Len Bond

Personal information
- Full name: Leonard Allan Bond
- Date of birth: 12 February 1954 (age 72)
- Place of birth: Barrington, Somerset, England
- Position: Goalkeeper

Youth career
- 1969–1971: Bristol City

Senior career*
- Years: Team / Apps / (Gls)
- 1971–1976: Bristol City / 30 / (0)
- 1974–1975: → Exeter (loan) / 30 / (0)
- 1975: → Torquay United (loan) / 3 / (0)
- 1975–1976: → Scunthorpe United (loan) / 8 / (0)
- 1976: → Colchester United (loan) / 3 / (0)
- 1976: → St. Louis Stars / 15 / (0)
- 1977–1980: Brentford / 122 / (0)
- 1980–1984: Exeter / 138 / (0)
- Yeovil Town
- 198?–1987: Weymouth
- 1987–1988: Bath City / 34 / (0)
- 1988–1991: Yeovil Town
- 1990–1991: → Gloucester City (loan)

= Len Bond =

English footballer

Len Bond (born 2 December 1954) is an English former professional football goalkeeper. He made more than 300 appearances in the Football League, including 168 for Exeter City and 122 for Brentford.

== Career ==
Bond was born in Ilminster, Somerset. He began his career as an apprentice with Bristol City, turning professional in September 1971, although he had made his league debut on the last day of the previous season. He remained at Ashton Gate for a further six years, most of which was spent as deputy to John Shaw or Ray Cashley. In November 1974 he was loaned to Exeter City, playing 30 league games.

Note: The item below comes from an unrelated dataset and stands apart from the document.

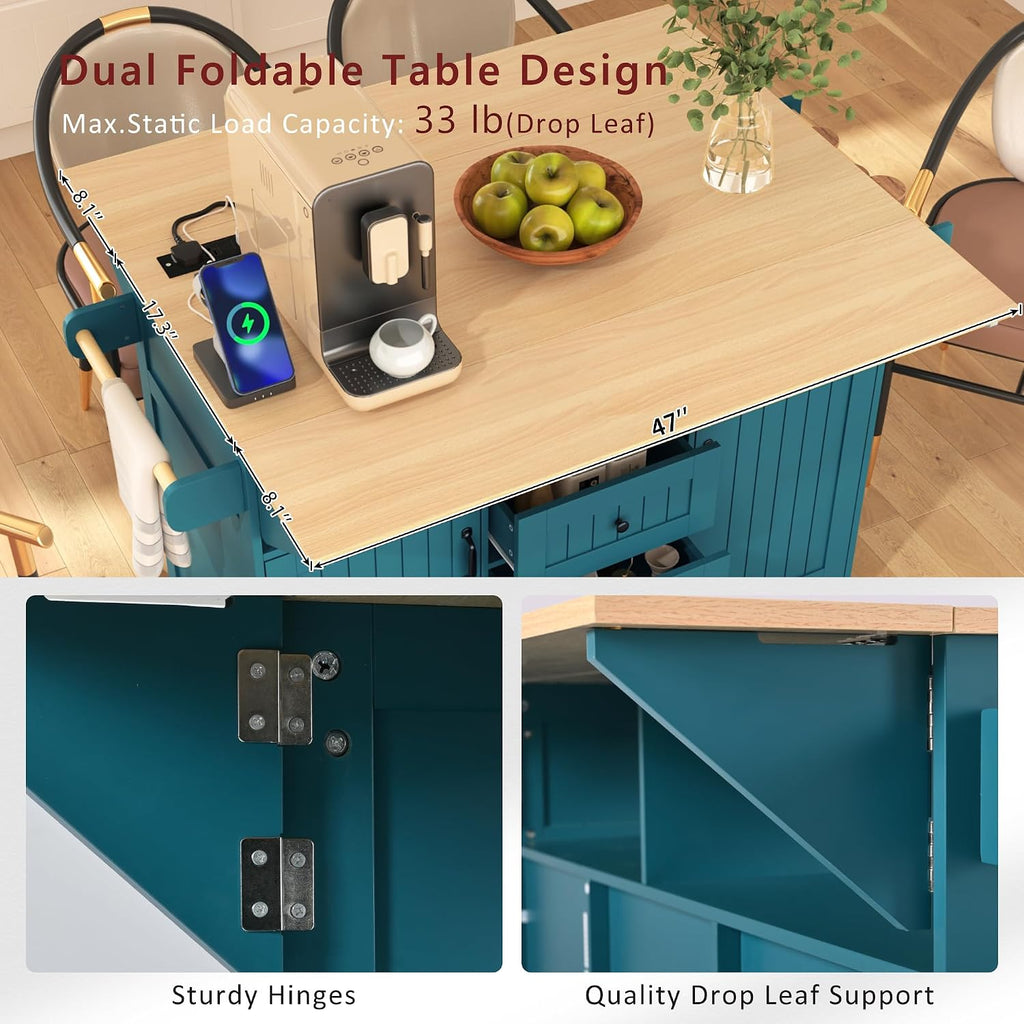 55.7'' Large Kitchen Island w/2 Drop Leaf,, Rolling Kitchen Cart on 5 Wheels with Power Outlet, Folding Storage Dining Table with Spice & Towel Rack , 3 Drawers, for Kitchen, Dining Room (Green )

The following season, he was loaned three times, to Torquay United in October 1975, to Scunthorpe United in December 1975, and to Colchester United in January 1976, before joining NASL side St. Louis Stars on loan for the 1976 season. Finally, in August 1977, after 30 league games for Bristol City, Bond moved to Brentford, where he was to find regular first-team football, playing 130 games in the next 3 years.

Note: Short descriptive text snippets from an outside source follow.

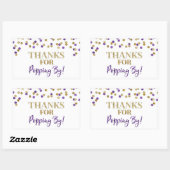 Sticker Rectangulaire Gold Purple Confetti Merci pour Popup By (Feuille)
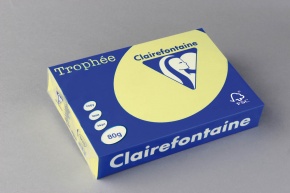 Másolópapír színes Clairefontaine Trophée A/4 80g pasztell nárciszsárga 500 ív/csomag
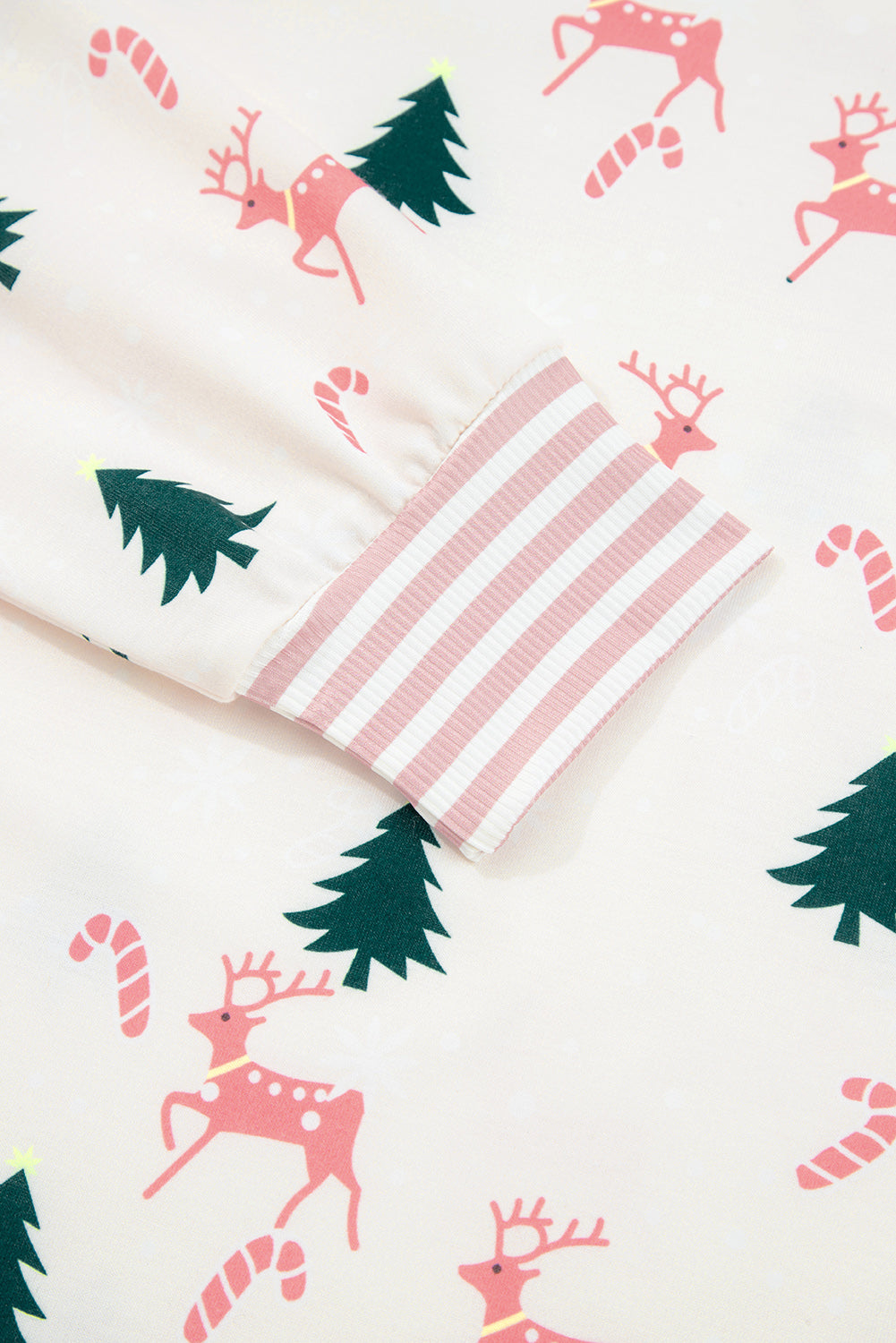 Green Bow Christmas Tree Print Contrast Striped Banding 2pcs Lounge Set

In October 1980 he returned to the south-west, joining Exeter City, playing 138 league games before leaving league football, and joining Yeovil Town. He later joined Weymouth from where he moved to Bath City in October 1987 for a fee of £2,000. He was ever-present for the rest of the season, but chose to return to Yeovil Town after City's relegation from the Conference at the end of the season.

He remained with Yeovil until his retirement, although did have a loan spell with Gloucester City from November 1990 and played three games for them the following season. Soon after his retirement, a chance meeting with Alan Ball led to him becoming goalkeeping coach at Exeter City, while also running a newsagents in Exeter. He subsequently worked as a coach at a number of clubs before coaching in the United States. He returned to the UK and worked with a number of clubs as well as coaching the FA's Youth Academy. He spent three years as goalkeeping coach with Bristol City's Youth Academy before another spell coaching in the United States.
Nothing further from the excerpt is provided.